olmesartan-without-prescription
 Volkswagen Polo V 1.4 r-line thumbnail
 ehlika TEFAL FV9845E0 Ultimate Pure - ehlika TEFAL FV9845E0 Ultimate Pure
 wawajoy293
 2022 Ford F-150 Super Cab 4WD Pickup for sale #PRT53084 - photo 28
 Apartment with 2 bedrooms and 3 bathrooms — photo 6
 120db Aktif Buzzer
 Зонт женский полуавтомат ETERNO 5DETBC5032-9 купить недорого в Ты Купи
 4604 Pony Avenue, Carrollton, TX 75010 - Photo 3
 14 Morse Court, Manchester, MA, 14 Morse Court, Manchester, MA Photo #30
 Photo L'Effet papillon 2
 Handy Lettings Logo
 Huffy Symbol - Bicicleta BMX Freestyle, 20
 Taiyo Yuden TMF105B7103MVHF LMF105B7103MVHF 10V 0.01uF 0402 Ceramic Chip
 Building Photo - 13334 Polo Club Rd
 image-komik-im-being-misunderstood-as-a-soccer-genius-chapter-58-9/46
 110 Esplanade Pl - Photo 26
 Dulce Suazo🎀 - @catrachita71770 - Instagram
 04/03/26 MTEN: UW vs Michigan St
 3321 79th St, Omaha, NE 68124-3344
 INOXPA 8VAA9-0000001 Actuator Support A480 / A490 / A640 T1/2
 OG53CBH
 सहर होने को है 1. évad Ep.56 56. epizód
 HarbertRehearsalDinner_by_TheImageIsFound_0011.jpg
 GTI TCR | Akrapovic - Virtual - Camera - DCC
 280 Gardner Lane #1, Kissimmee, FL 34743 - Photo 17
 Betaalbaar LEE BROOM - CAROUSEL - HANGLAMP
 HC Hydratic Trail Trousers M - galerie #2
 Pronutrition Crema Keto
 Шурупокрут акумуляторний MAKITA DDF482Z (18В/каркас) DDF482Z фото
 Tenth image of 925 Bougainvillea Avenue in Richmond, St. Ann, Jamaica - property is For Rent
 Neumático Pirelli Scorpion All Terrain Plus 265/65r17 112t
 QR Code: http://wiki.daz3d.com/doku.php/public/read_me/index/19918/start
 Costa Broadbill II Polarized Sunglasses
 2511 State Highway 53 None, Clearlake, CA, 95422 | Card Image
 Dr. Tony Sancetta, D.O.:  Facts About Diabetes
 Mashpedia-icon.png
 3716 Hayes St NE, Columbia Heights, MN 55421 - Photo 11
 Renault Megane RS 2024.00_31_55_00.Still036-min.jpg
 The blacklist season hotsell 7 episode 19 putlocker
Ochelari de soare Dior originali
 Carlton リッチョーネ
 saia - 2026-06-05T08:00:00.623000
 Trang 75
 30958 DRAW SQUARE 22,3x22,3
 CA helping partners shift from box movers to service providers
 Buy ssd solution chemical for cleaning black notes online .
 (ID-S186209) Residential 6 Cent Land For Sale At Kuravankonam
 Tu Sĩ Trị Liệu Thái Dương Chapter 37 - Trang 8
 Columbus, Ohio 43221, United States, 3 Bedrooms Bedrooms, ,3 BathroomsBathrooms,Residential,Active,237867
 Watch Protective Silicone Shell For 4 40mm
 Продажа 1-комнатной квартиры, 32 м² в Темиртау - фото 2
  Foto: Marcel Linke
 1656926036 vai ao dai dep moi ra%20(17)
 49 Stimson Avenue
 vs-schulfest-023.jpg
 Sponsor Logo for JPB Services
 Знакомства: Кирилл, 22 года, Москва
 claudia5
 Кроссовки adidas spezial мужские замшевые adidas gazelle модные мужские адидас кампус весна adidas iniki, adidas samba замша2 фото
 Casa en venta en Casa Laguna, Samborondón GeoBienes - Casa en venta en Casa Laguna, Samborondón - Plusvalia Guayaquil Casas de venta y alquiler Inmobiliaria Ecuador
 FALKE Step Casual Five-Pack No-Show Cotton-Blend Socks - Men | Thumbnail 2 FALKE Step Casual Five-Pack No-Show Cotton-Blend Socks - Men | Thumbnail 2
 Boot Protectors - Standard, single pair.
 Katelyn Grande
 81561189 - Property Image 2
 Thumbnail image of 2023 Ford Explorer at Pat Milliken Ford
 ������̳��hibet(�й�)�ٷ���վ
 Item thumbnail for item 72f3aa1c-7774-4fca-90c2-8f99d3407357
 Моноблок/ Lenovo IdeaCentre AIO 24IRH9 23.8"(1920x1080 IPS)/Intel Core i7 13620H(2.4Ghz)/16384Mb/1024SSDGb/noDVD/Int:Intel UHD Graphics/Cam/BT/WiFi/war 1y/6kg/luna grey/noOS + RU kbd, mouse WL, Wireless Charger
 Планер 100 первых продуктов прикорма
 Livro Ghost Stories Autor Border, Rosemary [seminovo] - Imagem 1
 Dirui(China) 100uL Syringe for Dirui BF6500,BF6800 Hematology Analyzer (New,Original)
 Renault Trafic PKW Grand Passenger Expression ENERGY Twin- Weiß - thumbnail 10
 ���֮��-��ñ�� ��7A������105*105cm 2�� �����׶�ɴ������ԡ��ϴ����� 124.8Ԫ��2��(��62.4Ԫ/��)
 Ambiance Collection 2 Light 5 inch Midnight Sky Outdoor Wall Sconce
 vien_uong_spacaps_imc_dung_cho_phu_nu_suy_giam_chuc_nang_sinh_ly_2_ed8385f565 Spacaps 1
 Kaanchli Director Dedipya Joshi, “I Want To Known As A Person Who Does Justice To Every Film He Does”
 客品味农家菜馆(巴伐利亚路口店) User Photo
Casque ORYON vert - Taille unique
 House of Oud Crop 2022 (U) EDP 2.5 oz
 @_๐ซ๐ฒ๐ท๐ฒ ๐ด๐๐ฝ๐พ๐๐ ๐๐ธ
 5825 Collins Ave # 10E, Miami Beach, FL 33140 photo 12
# # # # #
DESCRIPTION OF THE TASK >> Up to and including the line that holds "Dulce Suazo🎀 - @catrachita71770 - Instagram", reproduce the records above exactly from their first line, and give nothing else.

SOLUTION FOR THIS PROBLEM >>
olmesartan-without-prescription
 Volkswagen Polo V 1.4 r-line thumbnail
 ehlika TEFAL FV9845E0 Ultimate Pure - ehlika TEFAL FV9845E0 Ultimate Pure
 wawajoy293
 2022 Ford F-150 Super Cab 4WD Pickup for sale #PRT53084 - photo 28
 Apartment with 2 bedrooms and 3 bathrooms — photo 6
 120db Aktif Buzzer
 Зонт женский полуавтомат ETERNO 5DETBC5032-9 купить недорого в Ты Купи
 4604 Pony Avenue, Carrollton, TX 75010 - Photo 3
 14 Morse Court, Manchester, MA, 14 Morse Court, Manchester, MA Photo #30
 Photo L'Effet papillon 2
 Handy Lettings Logo
 Huffy Symbol - Bicicleta BMX Freestyle, 20
 Taiyo Yuden TMF105B7103MVHF LMF105B7103MVHF 10V 0.01uF 0402 Ceramic Chip
 Building Photo - 13334 Polo Club Rd
 image-komik-im-being-misunderstood-as-a-soccer-genius-chapter-58-9/46
 110 Esplanade Pl - Photo 26
 Dulce Suazo🎀 - @catrachita71770 - Instagram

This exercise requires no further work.